● EXTRACTED MATERIAL
┄┄┄┄┄┄┄┄┄┄┄┄┄┄┄┄┄┄┄┄
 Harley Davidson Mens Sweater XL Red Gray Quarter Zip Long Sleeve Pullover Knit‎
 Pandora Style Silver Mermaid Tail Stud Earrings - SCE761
┄┄┄┄┄┄┄┄┄┄┄┄┄┄┄┄┄┄┄┄
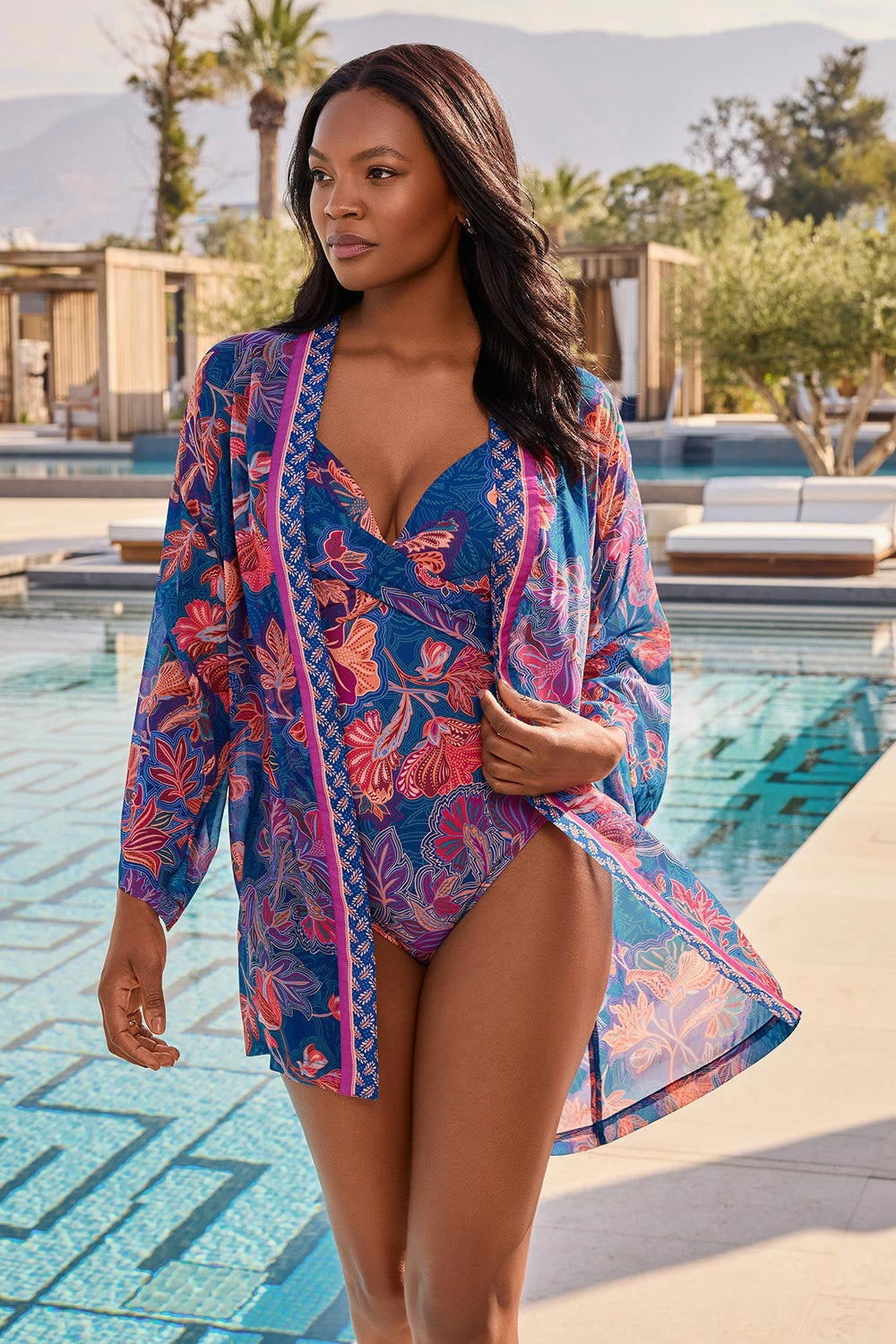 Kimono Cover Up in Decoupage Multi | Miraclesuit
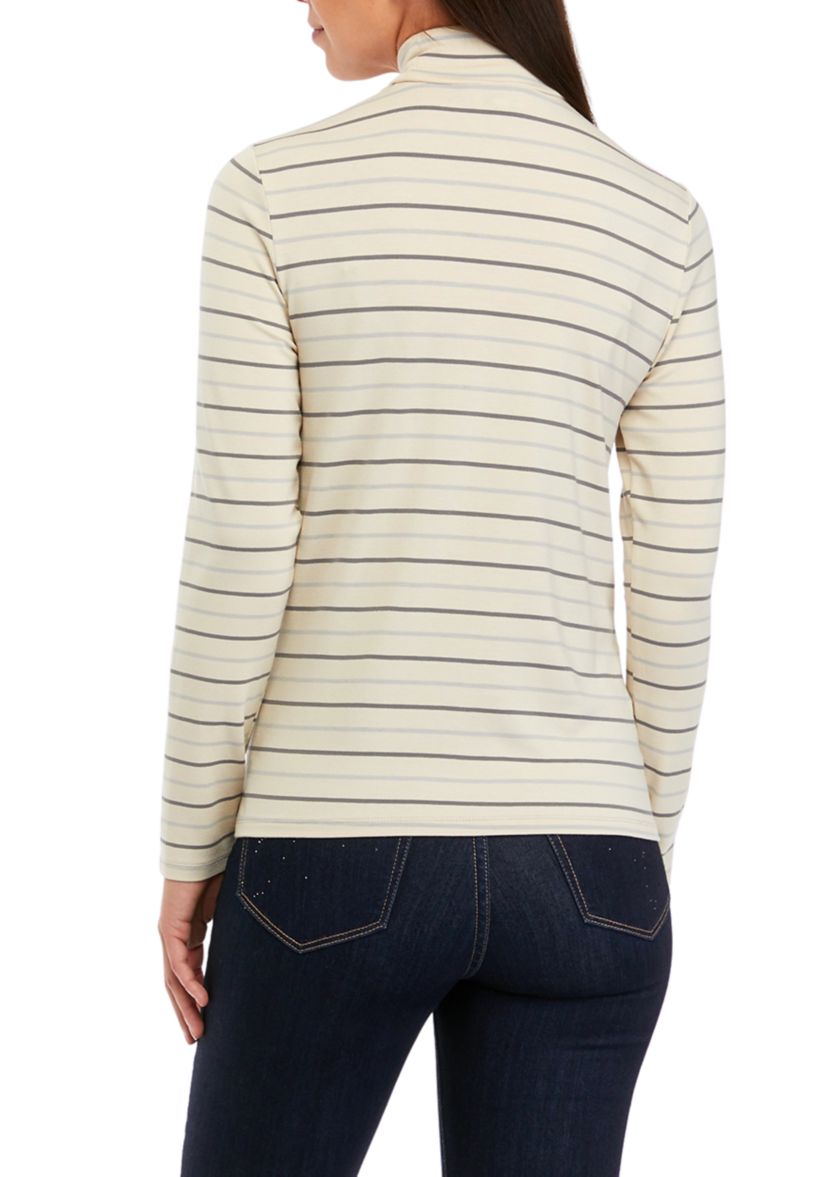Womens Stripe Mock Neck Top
┄┄┄┄┄┄┄┄┄┄┄┄┄┄┄┄┄┄┄┄
● ACTION ITEM
Looking back over the data above, restate word for word the lines that begin at the line with "Harley Davidson Mens" and end at the line with "Pandora Style Silver", inclusive.

● RESULT BELOW
 Harley Davidson Mens Sweater XL Red Gray Quarter Zip Long Sleeve Pullover Knit‎
 Pandora Style Silver Mermaid Tail Stud Earrings - SCE761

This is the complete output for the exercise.